The neighbors’ gossip transformed to lurid speculation when the Prince and his courtiers began to visit our house. They whispered that my stepmother and stepsisters had stolen my magic to make love charms to enthrall the Prince, that Minette and her “daughters” had forbidden me from entering my own house, and that my stepfamily made me rub ashes into my hair so no nobleman would notice the color of it and fall in love with me.

I don’t know where the neighbors got such nonsense. I’ve never been beautiful, or particularly loveable, though I’d kept to myself for so long, perhaps the neighbors had forgotten. The truth of it is, I hid my hair with ash of my own volition, after the Prince’s first visit.

He took Dulcie to bed that time. Though the moon wasn’t full, he kept the shutters closed against the moonlight and kept the candles lit the whole night through. Few people suspect a thing so homey as a candle flame or a hearth fire will betray them, but every spark of flame that springs to life in Ciú Dellos Reyes will do my will. How do you think I always know what my neighbors think of me?

The cookshed fire woke me in the hours before dawn, dancing and flaring with the urgency of its message.

“What is it?”

I fed the fire a bundle of pitchy pine twigs so it could speak through the crackling sound of burning sap.

It formed an image of the Prince and Dulcie reclining on her bed. “I have a question for you.” The Prince’s voice was a low crackle of burning wood.

“Anything, your Highness,” Dulcie breathed, her usually bright eyes dull with lust and wonder.

“There used to be a girl who lived in this house. She’d red hair and black eyes.”

I prayed Dulcie would find the strength to lie to him, but none could deny the Prince. She barely hesitated before answering, “My stepsister, Ember, has red hair and very dark brown eyes.”

“Ember,” he said. I closed my eyes and shuddered at the thought of my name upon his lips. “Does she work as you and your ‘sister’ do? Will you send her to me?”

If ever I’d doubted Dulcie was my sister, or doubted she loved me as well as if we’d been blood kin, I had the proof of it in her answer. She denied the Prince, as best she could. Her voice shook when she answered him. “I cannot send her to you, Highness. She is not for sale. If it is red hair you want, I know a whore with hair like a stormy sunrise and a muff to match.”

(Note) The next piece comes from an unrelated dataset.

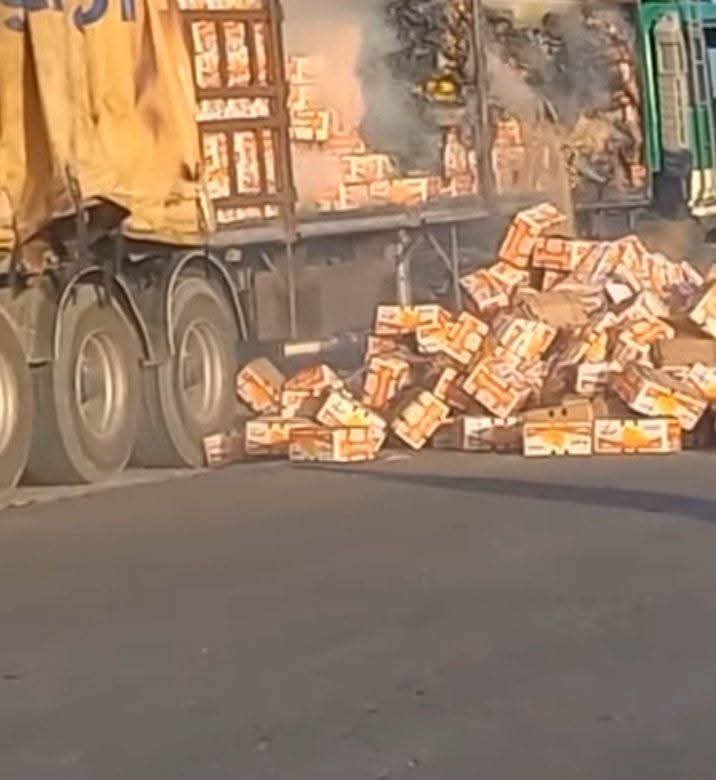 BLA-linked militants torch truck carrying essential supplies in Nokkundi, Balochistan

“No.” The Prince shook his head. “I want Ember. I saw her once, five years ago. She watched me ride by on the street. She wasn’t beautiful, that’s not what I noticed about her. When I go out in the streets, every face in the crowd turns as I pass like flowers following the sun. But she looked away from me.”

He turned, staring at the shuttered window, perhaps thinking of the day he’d seen me. “I’ve wanted her since then. I’ve looked for her in the streets, for the flash of red hair and the cold regard of those dark eyes. I get everything I want, but not her.”

“I—“ Dulcie tried to deny him a second time, but her voice died in her throat as the Prince traced his hand along her face.

“Promise you will send her to me. Promise you will not rest until she comes to my bedchamber.”

His words had power to them, more power than just the weight of his curse. I suspect he might have been a great sorcerer if Gaetane’s cruel blessing had not directed his innate ability into his Charm. With magic and wisdom to aid him, he could have been the greatest king in the history of our little kingdom. Instead, he was a selfish, dangerous man with a voice none could refuse.

“Yes, Highness,” Dulcie droned. “I promise I will send her to you. I will not rest until she goes to your bedchamber.”

I cursed. The fire flickered in fear of my anger. The image disappeared. That stupid man! How could he be so cruel to compel such a promise from my sister? The force of his power would ensure the literal truth of her words. Dulcie wouldn’t rest until I went to the Prince. And if I didn’t go, she would die from lack of sleep.